Your goal
Print the entries below again exactly as they stand, but skip any picture.

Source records
———

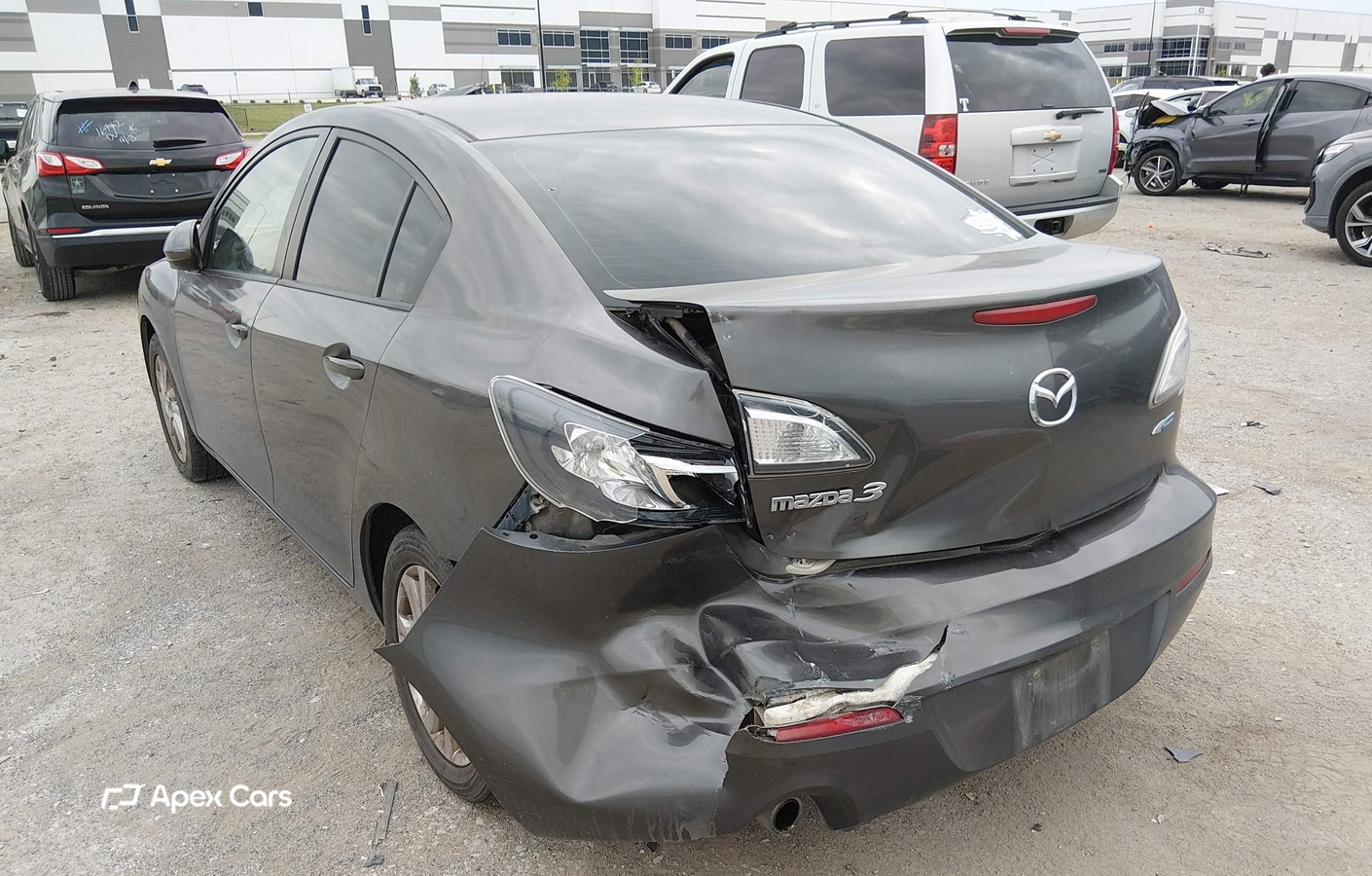 Mazda 3 2012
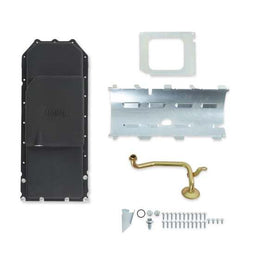 HOLLEY 302-61BK - Gen III Hemi Oil Pan Swap Kit - Mid Sump VVT image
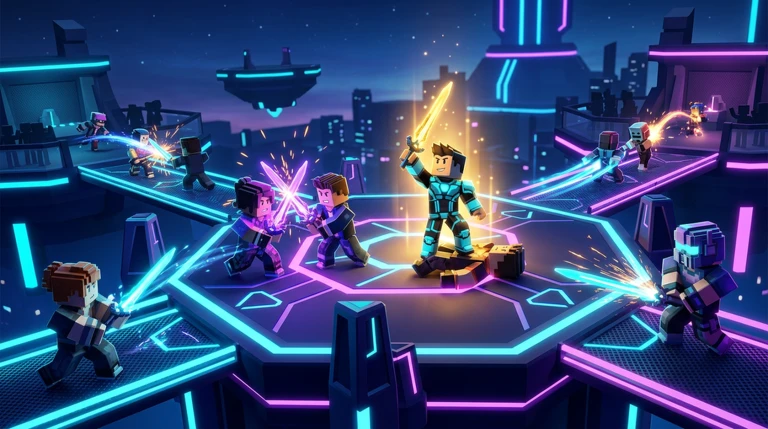Be the last one standing but bad [GAME REWORK]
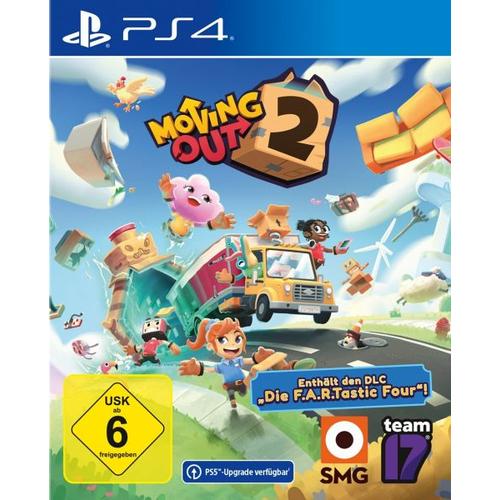 Moving Out 2 (PlayStation 4) – Sold Out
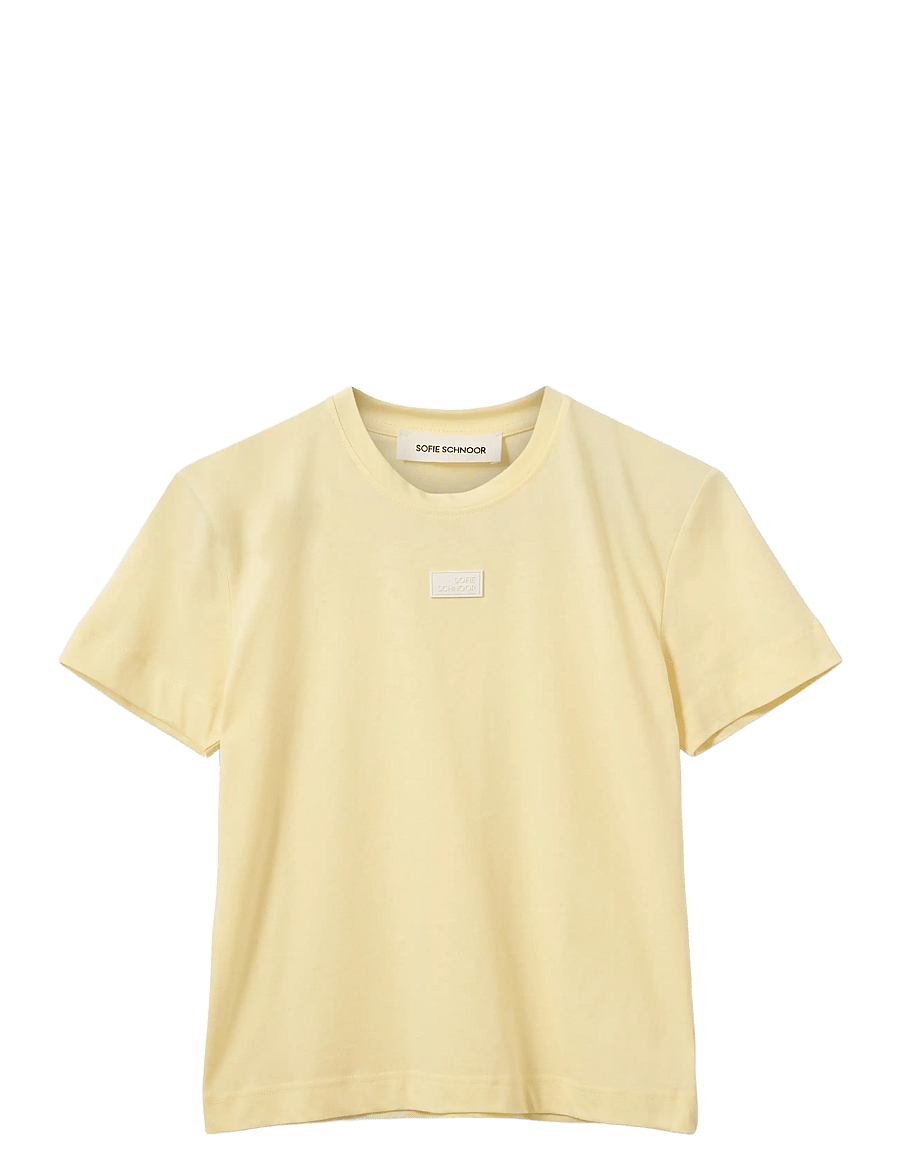 Sofie Schnoor - INDYSW MINI T-SHIRT - t-paidat - butter yellow - 1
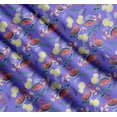 thumbnail image 3 of Soimoi Cotton Voile Fabric Fruits,Swim Ring & Goggles Summer Designs Fabric Prints by Yard 56 Inch Wide, 3 of 7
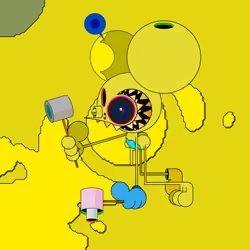 Neogen Space Monkeys #2949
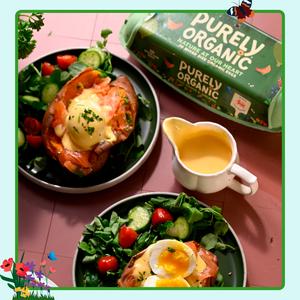 Purely Organic Free Range Eggs x10 540g - gallery image 2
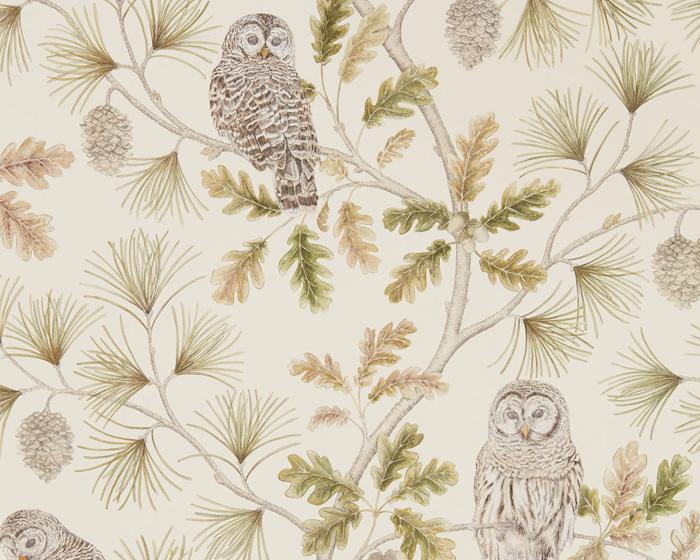 Sanderson Wallpapers Owlswick Briarwood 216597 Wallpaper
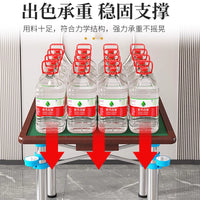 家用多功能简易宿舍桌两用型金属棋牌桌手动麻雀台桌子折叠麻将桌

———

Solution
 Mazda 3 2012
 HOLLEY 302-61BK - Gen III Hemi Oil Pan Swap Kit - Mid Sump VVT image
Be the last one standing but bad [GAME REWORK]
 Moving Out 2 (PlayStation 4) – Sold Out
 Sofie Schnoor - INDYSW MINI T-SHIRT - t-paidat - butter yellow - 1
 thumbnail image 3 of Soimoi Cotton Voile Fabric Fruits,Swim Ring & Goggles Summer Designs Fabric Prints by Yard 56 Inch Wide, 3 of 7
 Neogen Space Monkeys #2949
 Purely Organic Free Range Eggs x10 540g - gallery image 2
 Sanderson Wallpapers Owlswick Briarwood 216597 Wallpaper
 家用多功能简易宿舍桌两用型金属棋牌桌手动麻雀台桌子折叠麻将桌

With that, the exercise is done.